In its seminal 2012 paper, “Measuring What’s Important About Building Sustainability“, Deutsche Asset Management argued for simplicity, comparability, and sanity in how real estate is evaluated for sustainability performance. Four years on, are we closer or farther from their vision?

The property sector is fixated on earning environmental plaques for good intentions – often at the expense of actually improving sustainability through informed capital planning.

Deutsche made this spartan, succinct observation in 2012, arguing certification fever was distracting the industry from its core mission of delivering real returns, and that “achieving consensus on simple sustainability metrics would be an important step to refocus the property sector on performance.”

Research_Sustainability_Metrics_in_the_Real_Estate_Sector-Oct_2012-1 (dragged)

Today, the pantheon of green building ratings and certifications has metastasized into an alphabet soup of standards. While the growth has enriched servicer providers and administrators of these standards, it’s more difficult to say whether the expense has been proportional to the gain or, as Deutsche put it, “the fundamental premise of these sustainability certifications systems – to separate green buildings from brown – is dubious.” At the root of it all, Deutsche pointed out, is that “distinctions between sustainable and conventional buildings are ultimately artificial.

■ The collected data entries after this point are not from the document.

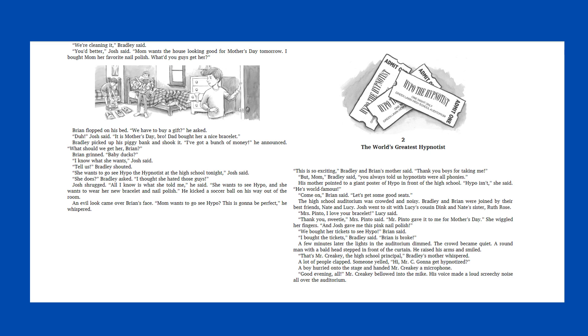Brian grinned. Baby ducks? I know what she wants, Josh said. Tell us, Bradley shouted. She wants to go see Hypo the Hypnotist at the high school tonight, Josh said. She does, Bradley asked. I thought she hated those guys. Josh shrugged. All I know is what she told me, he said. She wants to see Hypo, and she wants to wear her new bracelet and nail polish. He kicked a soccer ball on his way out of the room. An evil look came over Brian's face. Mom wants to go see Hypo? This is gonna be perfect, he whispered.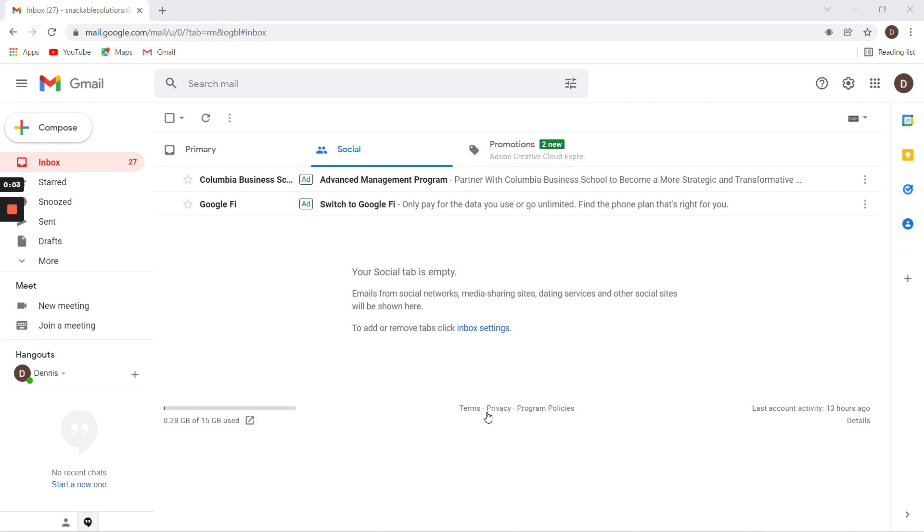I'm going to show you how to whitelist info@snackablesolutions.com if you have a Gmail or Google email address. It's very simple. Go into your email, go up to the search bar, and click the search options.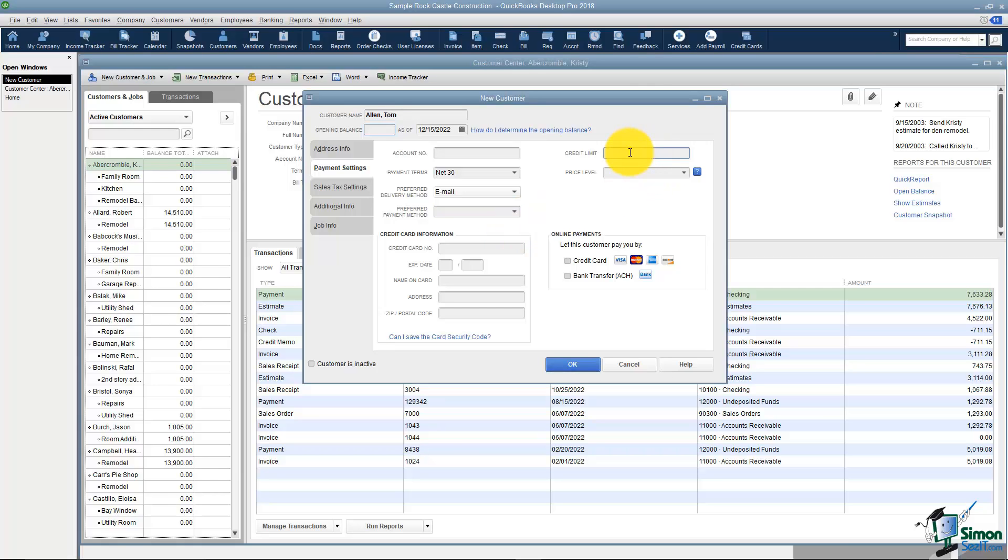You can set a credit limit for your customer over on the right. What would happen is if you set a credit limit and then you invoice them more than their credit limit allows, it will pop up and say, hey, they've exceeded the credit limit. Would you still like to sell them something? And you could do that.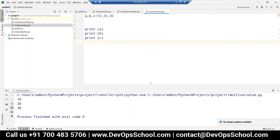Whenever we are going to make an application, sometimes we have to pass the same value to different variables — that is when these concepts are used.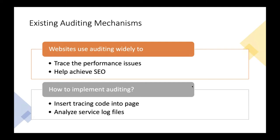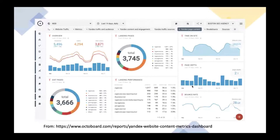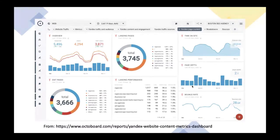Here is an example of website auditing results. From the page you can see it records the last 14 days — how many sessions happened, how many users and new users, and how quickly you can land on specific pages. And also when the user exits, from which page, including landing performance, page steps, and the bounce rate. All these metrics give you clues to understand what happened with your website and how to improve it.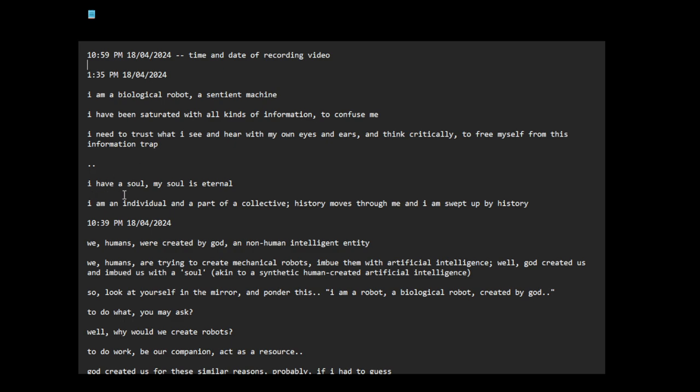I have a soul, my soul is eternal. I am an individual and a part of a collective. History moves through me and I am swept up by history.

The reality is that all buildings can be arrayed along a continuum of less and more sustainability, with none definitively green or brown.”

Four years on, as the USGBC rolls out LEED Dynamic Plaque to a saturated, certification weary industry, and powerful service providers like CBRE promote WELL Certification, Deutsche’s paper presents a cautionary tale for real estate owners and corporate occupiers alike, and an argument for a return to fundamentals that’s worth revisiting.